Losing Ourselves

Vint Cerf, Internet pioneer and current Google VP, recently expressed concerns about an approaching “digital dark age” in which our prized digital memories will be lost forever, not through cataclysm or degrading media, but because of the obsolescence of the hardware and software needed to access those digital objects. Cerf called for the creation of what he called “digital vellum,” a snapshot that includes content and its related software and hardware together in one package. This object would be preserved in some sort of cloud server structure along with a description of the machine needed to run it,thus allowing those in the distant future to access this era’s content by reproducing the environment in which it was originally created and stored.

This is a very real problem, one that anyone who grew up playing ancient video games is painfully aware of. My first computer was a ZX Spectrum+. It was a big improvement on the original Spectrum, with hard plastic keys (as opposed to the softer, much less user-friendly rubber keys of the previous version) and a whopping 48k of RAM (as opposed to 16k). When I was 13 my family moved from Uruguay to the US, and it didn’t survive the trip. I moved on to the NES, and that was that, or at least that was the case until the age of the emulator dawned on us. Today, anyone feeling the pangs of nostalgia can go to one of several fan sites and download a Spectrum emulator, as well as a broad complement of games and other programs. The machine itself has disappeared, but its spirit, if you will, lives on to, in theory, captivate new generations of enthusiasts. I mean, there’s only so much you can do with 48k.

The problem with the emulator model is that it requires a fan base with enough critical mass and resources to support the effort necessary to create (and update) the emulation software, something that will  become less and less likely as the original users of these machines give way to new generations that lack familiarity with them. My son will grow up playing Wii, or PS4; why would he care about the Spectrum, or the original NES? Digital vellum is a better idea, closer in kin to digital archeology and/or anthropology, but who is going to devote resources to a project of this magnitude? Software and hardware creators are unlikely to carve room out of their bottom lines for something like this. If Mr. Cerf is this concerned about the idea, then Google may get involved, but we’ve seen what happens when they grow bored with a project (or find that it’s not as profitable as they once thought). Organizations like Internet Archive are committed to digital preservation, but their resources are limited.

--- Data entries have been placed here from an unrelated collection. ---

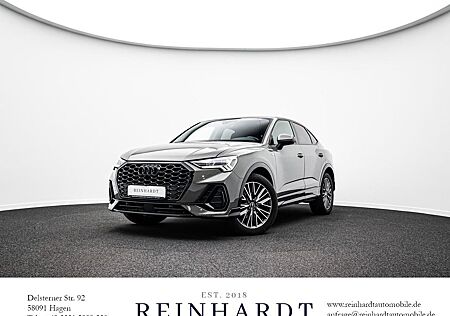 Audi Q3 SPORTBACK 35TFSi 2x S LINE/BLACK+/19Z./KAMERA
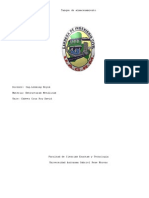 Informe Tanque de Almacenamiento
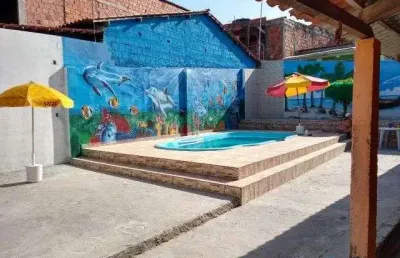 Casa com 3 dormitórios à venda, 100 m² por r$ 950.000,00 - jauá - camaçari/ba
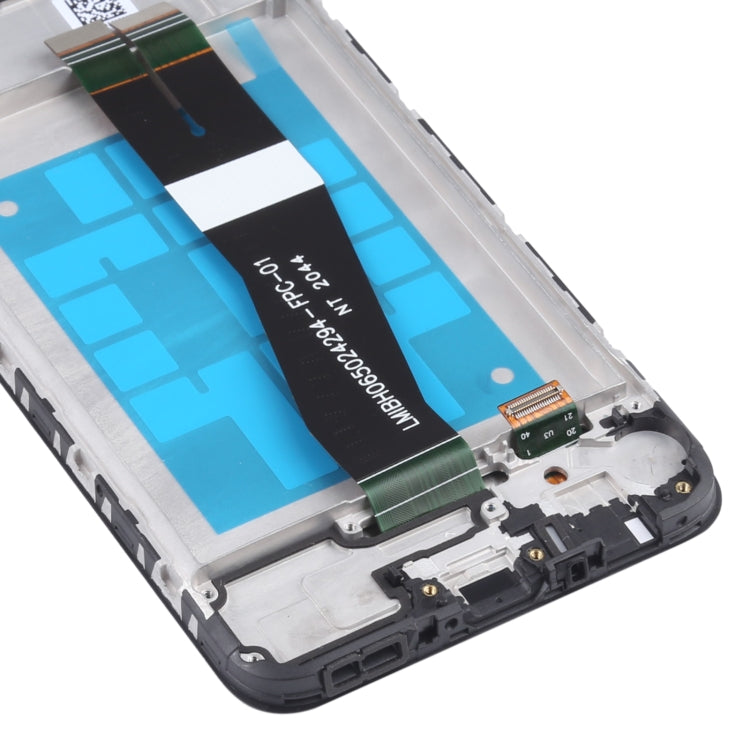 Original LCD Screen for Samsung Galaxy A02s SM-A025F(GA Version) Digitizer Full Assembly With Frame - LCD Screen by buy2fix | Online Shopping UK | buy2fix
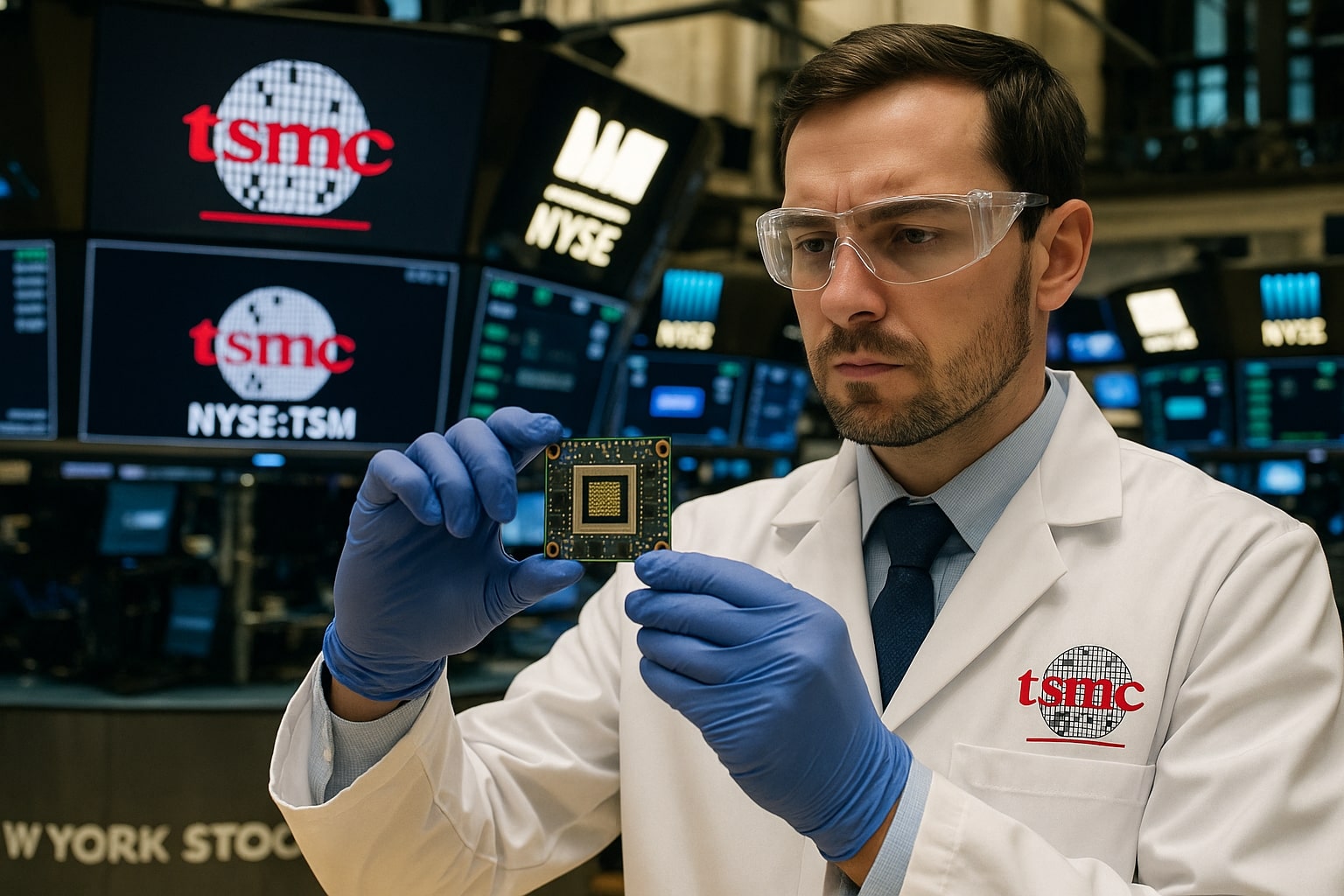 TSMC (NYSE:TSM) Stock: Undervalued at $90 with Major Upside Potential in 2025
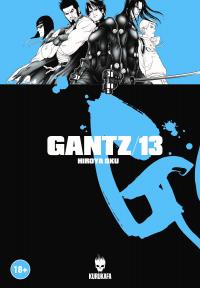 Gantz 13 Hiroya Oku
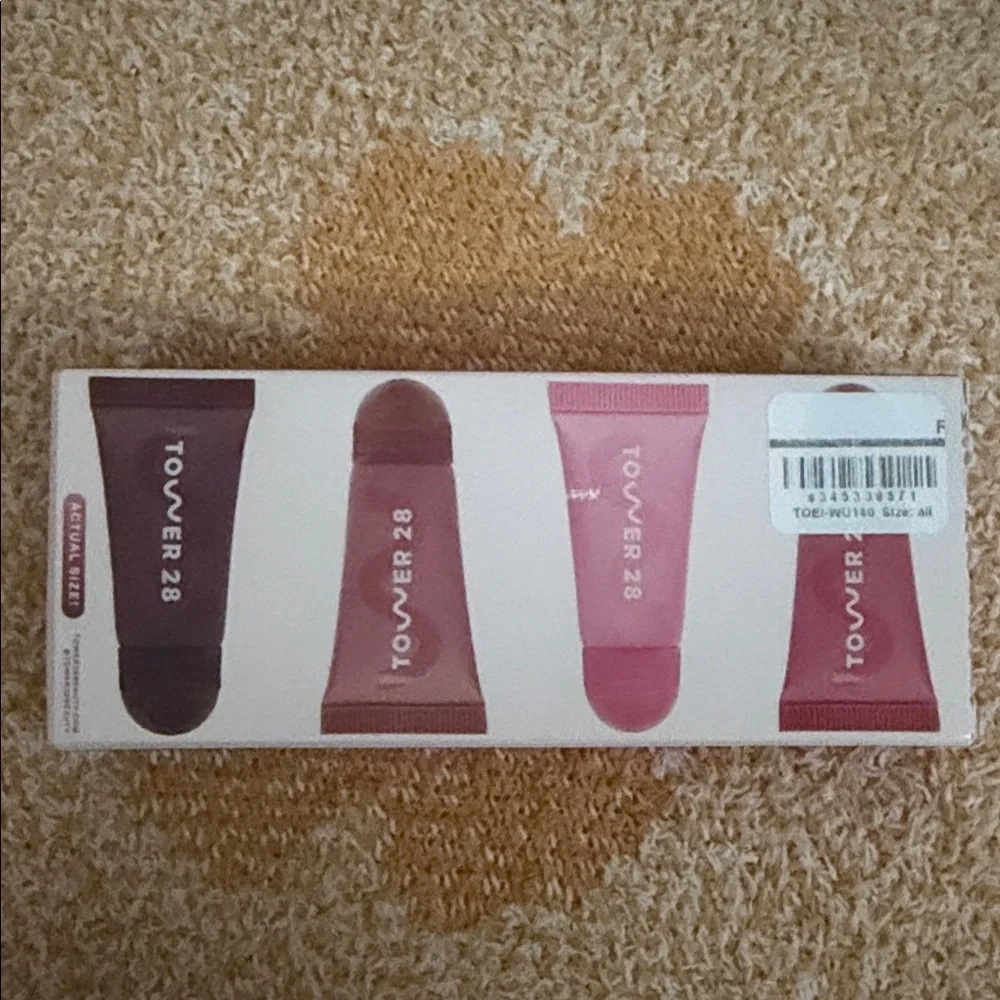 Tower 28 Lil' Softies 2.0 Lip Treatment Set - Picture 2 of 2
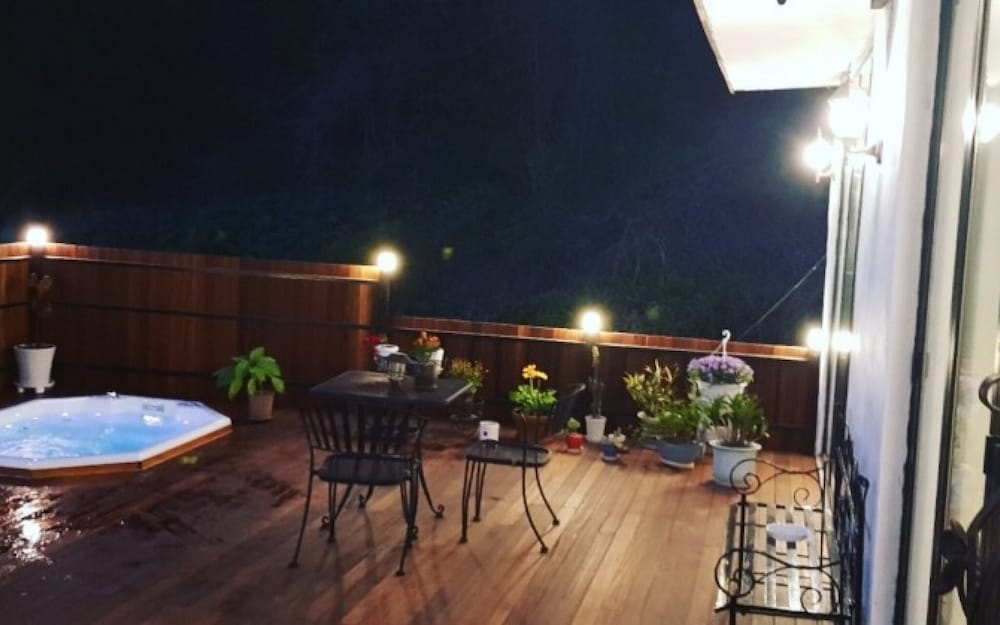 Фото Yeosu Into the Clouds Pension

So who is going to do this?

Providing Access

I recently spent some time helping out on the Digital Library Collections (DLC) project here at Columbia, an initiative to create a single portal for discovery of the Libraries’ non-textual digital assets. Pre-DLC, access to Columbia Unversity Libraries (CUL) digital assets was provided through the use of custom project sites like this one. The sites place individual assets within the context of the overall collection, which is great, but limit the ability of a researcher to search across multiple collections: you would have to go to this page and search each collection separately, one by one. The DLC portal provides a more global approach to digital object discovery.

In order to maximize the tool’s effectiveness, the team designed a universal, extensible schema that can be applied to any digital collection that is included in the site. This schema will inform data collection and creation for all future digital efforts, providing an individual project stakeholder with a guide that will help her optimize collection discovery. This also ensures a consistent metadata baseline across a diverse set of collections (images, audio, video, and the born-digital versions of each, etc.) But first, metadata for existing collections must be updated wherever possible to bring it up to the new DLC standard (a process that is currently ongoing).

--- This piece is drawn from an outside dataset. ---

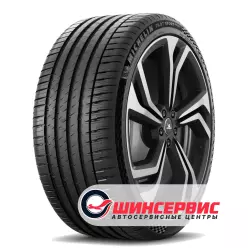 Michelin Pilot Sport 4 SUV 275/40/R21 107Y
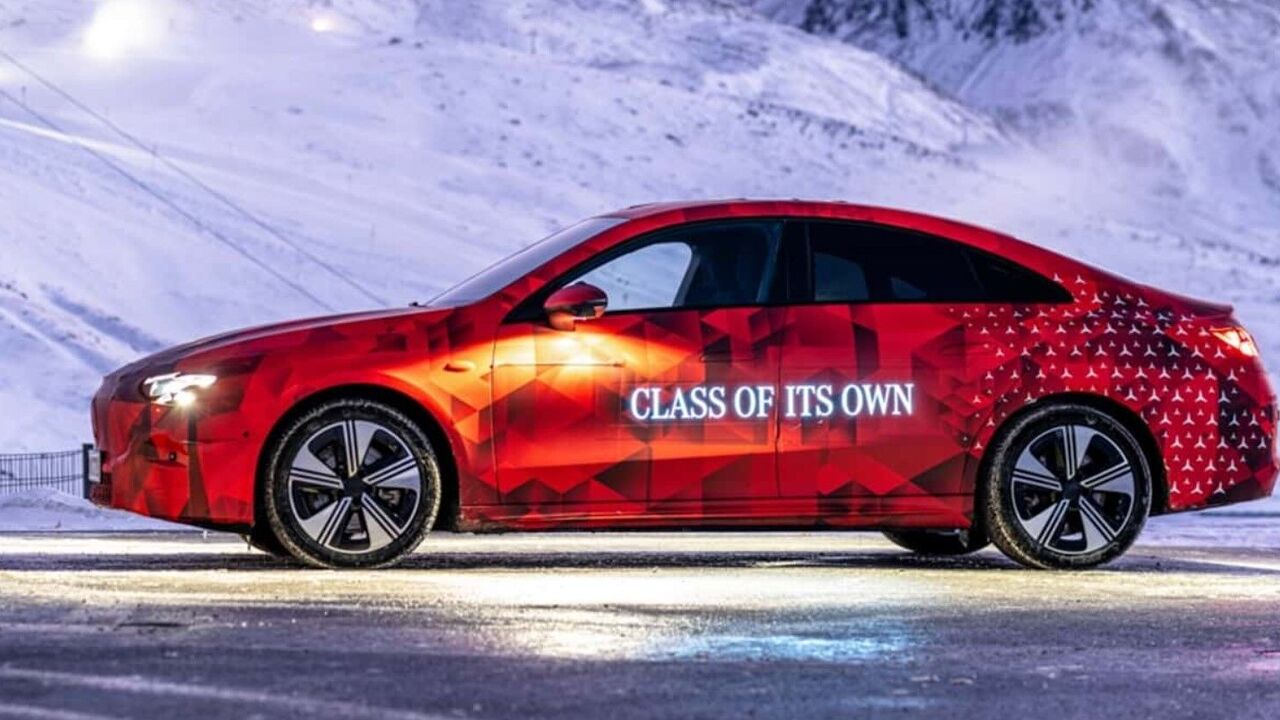 Mercedes CLA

The project team also took into account the various technical formats used across these collections, and made the decision to create a homogeneous derivative set that would support desired image manipulation functionality (in this case, JPEG 2000). This is a decision that will have to be revisited periodically as available technology improves; format obsolescence or future functionality needs may drive a shift to a different platform.

Because digital texts are cataloged in CLIO (Columbia’s online catalog), they were excluded from this tool, which is geared toward the display and manipulation of images. Of course, the demarcation between text and image is not always clear: what about, for example, correspondence? And what about mixed collections (those that include both image- and text-based objects)? Ultimately, the project’s scope was widened to include archival types of textual material (like correspondence) but not full book-like objects that merit individual description through a cataloging system. DLC will include images and archival parts of mixed collections, while the book-like objects will be cataloged individually and made available through CLIO. DLC will also be used as a tool to examine born-digital collections.

This project allowed me to dig into the complex issues surrounding the provision of meaningful access to a contemporary academic library’s collections. It’s not enough to make objects available; the metadata foundation needs to be there for researchers to be able to find everything the library has on their specific subject. This means a lot of work up front, and the need to constantly re-examine standards as collections incorporate new types of materials that may not readily be described by existing schemas. For example, the distinction between image-based and text-based objects made sense for the project right now, but will that be meaningful in five years, as the proportion of born-digital materials increases?